I was not alive when Sam’s band, the Nightjars, was formed by Sam and his co-songwriter, William Punt, with two school chums from Slough, England. Nor was I when their first album spent thirty weeks on the Billboard charts, or when their little British quartet went on The Ed Sullivan Show and ignited a stampede of screaming American girls. Not when Sam married Kitomi Ito ten years later or when the band broke up, months after their final album was released featuring cover art of Kitomi and Sam naked, mirroring the figures in a painting that hung behind their bed. And I wasn’t alive when Sam was murdered three years later, on the steps of this very building, stabbed in the throat by a mentally ill man who recognized him from that iconic album cover.

But like everyone else on the planet, I know the whole story.

The doorman at the Ansonia smiles politely at me; the concierge looks up as I approach. “I’m here to see Kitomi Ito,” I say coolly, pushing my license across the desk to her.

“She’s expecting you,” the concierge answers. “Floor—”

“Eighteen. I know.”

Lots of celebrities have lived at the Ansonia—from Babe Ruth to Theodore Dreiser to Toscanini to Natalie Portman—but arguably, Kitomi and Sam Pride are the most famous. If my husband had been murdered on the front steps of my apartment building, I might not have stayed for another thirty years, but that’s just me. And anyway, Kitomi is finally moving now, which is why the world’s most infamous rock widow has my number in her cellphone.

What is my life, I think, as I lean against the back wall of the elevator.

When I was young, and people asked what I wanted to do when I grew up, I had a whole plan. I wanted to be securely on a path to my career, to get married by thirty, to finish having kids by thirty-five. I wanted to speak fluent French and have traveled cross-country on Route 66. My father had laughed at my checklist. You, he told me, are definitely your mother’s daughter.

I did not take that as a compliment.

Also, for the record, I’m perfectly on track. I am an associate specialist at Sotheby’s—Sotheby’s!—and Eva, my boss, has hinted in all ways possible that after the auction of Kitomi’s painting I will likely be promoted. I am not engaged, but when I ran out of clean socks last weekend and went to scrounge for a pair of Finn’s, I found a ring hidden in the back of his underwear drawer. We leave tomorrow on vacation and Finn’s going to pop the question there. I’m so sure of it that I got a manicure today instead of eating lunch.

And I’m twenty-nine.

The door to the elevator opens directly into Kitomi’s foyer, all black and white marble squares like a giant chessboard. She comes into the entryway, dressed in jeans and combat boots and a pink silk bathrobe, with a thatch of white hair and the purple heart-shaped spectacles for which she is known. She has always reminded me of a wren, light and hollow-boned. I think of how Kitomi’s black hair went white overnight with grief after Sam was murdered.
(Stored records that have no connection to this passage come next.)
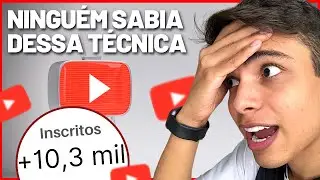 COMO CRESCER NO YOUTUBE DO ZERO E GANHAR 300 INSCRITOS POR DIA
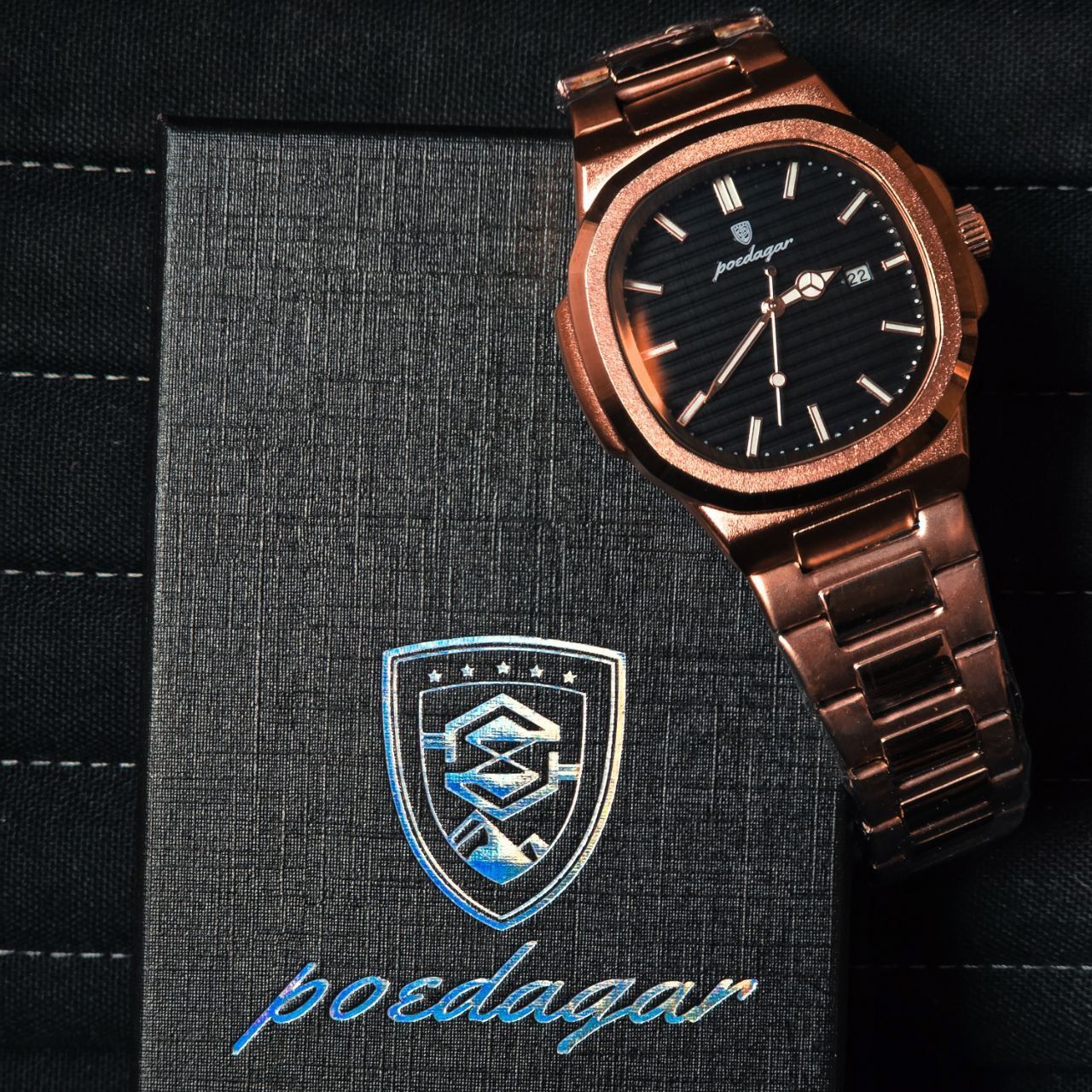 Relógio Poedagar 613 – Elegância Retro para Homens com Estilo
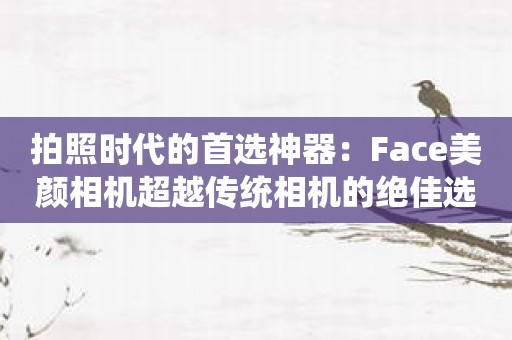 拍照时代的首选神器：Face美颜相机超越传统相机的绝佳选择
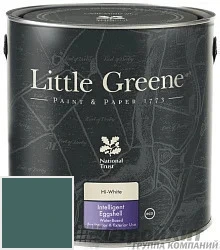 Little Greene Acrylic Eggshell (Intelligent Eggshell) 5 л цвет LGGr311 палитра Little Greene Green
I think of the photographs of her on the sidewalk, gasping for air.

“Diana!” she says, as if we are old friends.

There is a brief awkwardness as I instinctively put my hand out to take hers and then remember that is not a thing we are doing anymore and instead just give a weird little wave. “Hi, Kitomi,” I say.

“I’m so glad you could come today.”

“It’s not a problem. There are a lot of sellers who want to make sure the paperwork is handed over personally.”

Over her shoulder, at the end of a long hallway, I can see it—the Toulouse-Lautrec painting that is the entire reason I know Kitomi Ito. She sees my eyes dart toward it and her mouth tugs into a smile.

“I can’t help it,” I say. “I never get tired of seeing it.”